- _Task to complete_:
Using the listing below, please print exactly the lines from the one with "A bear catching fish Animals4World" through the one with "Navona Fox House". Leave out every picture.

- _Supplied entries_:
[Start of section]

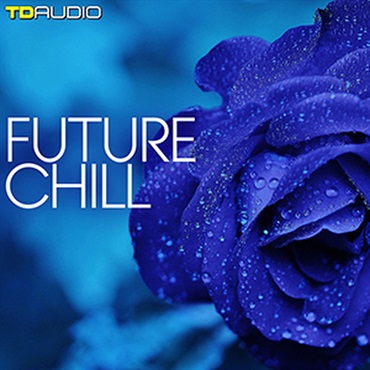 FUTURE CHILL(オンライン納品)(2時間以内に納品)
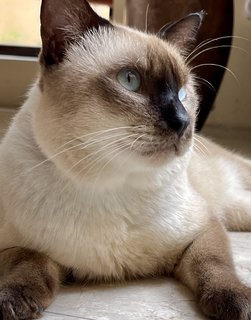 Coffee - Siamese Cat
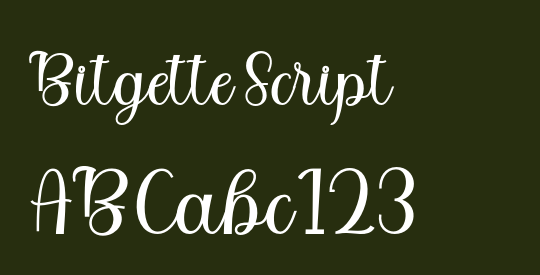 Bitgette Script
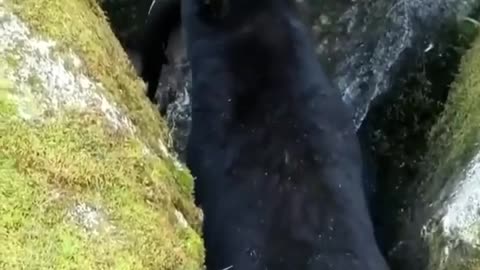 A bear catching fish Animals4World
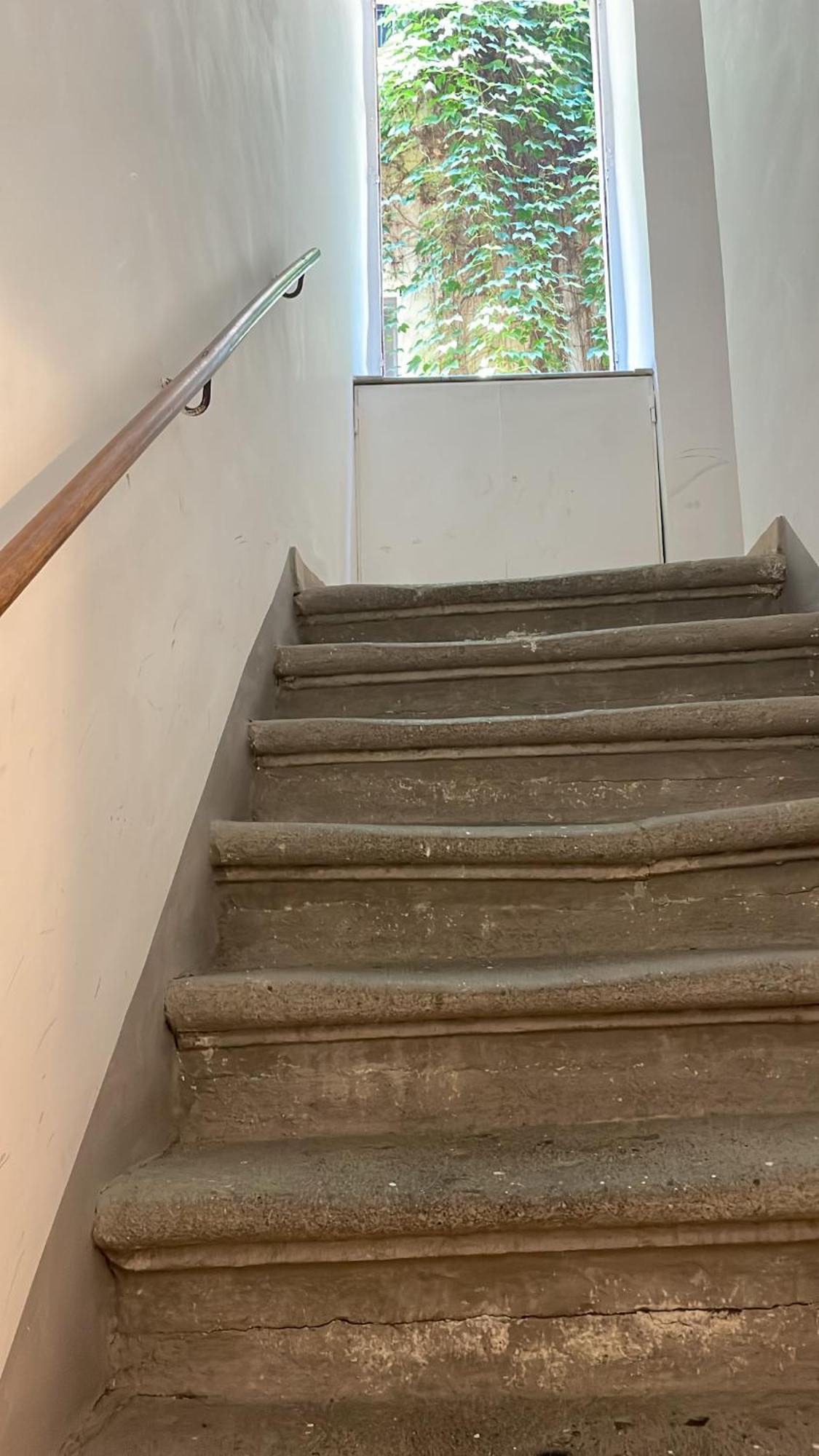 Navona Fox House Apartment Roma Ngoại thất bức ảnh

[End of section]
[Start of section]

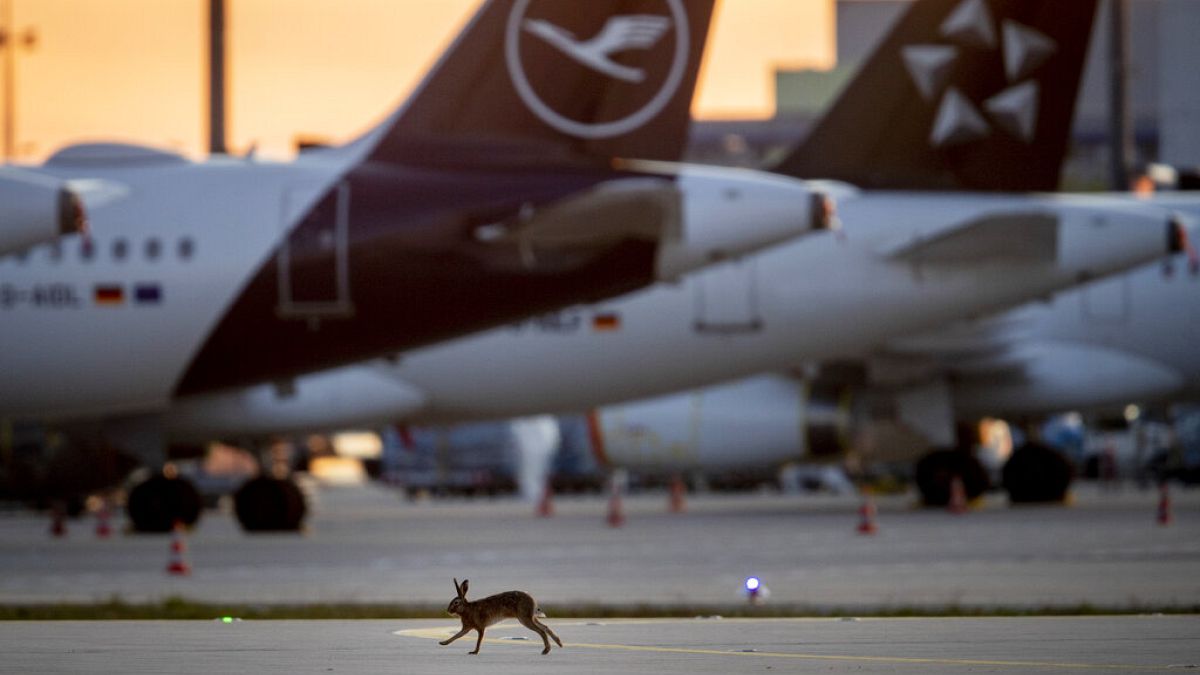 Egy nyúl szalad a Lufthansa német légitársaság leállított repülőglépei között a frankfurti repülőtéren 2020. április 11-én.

[End of section]

- _Solution for this problem_:
 A bear catching fish Animals4World
 Navona Fox House Apartment Roma Ngoại thất bức ảnh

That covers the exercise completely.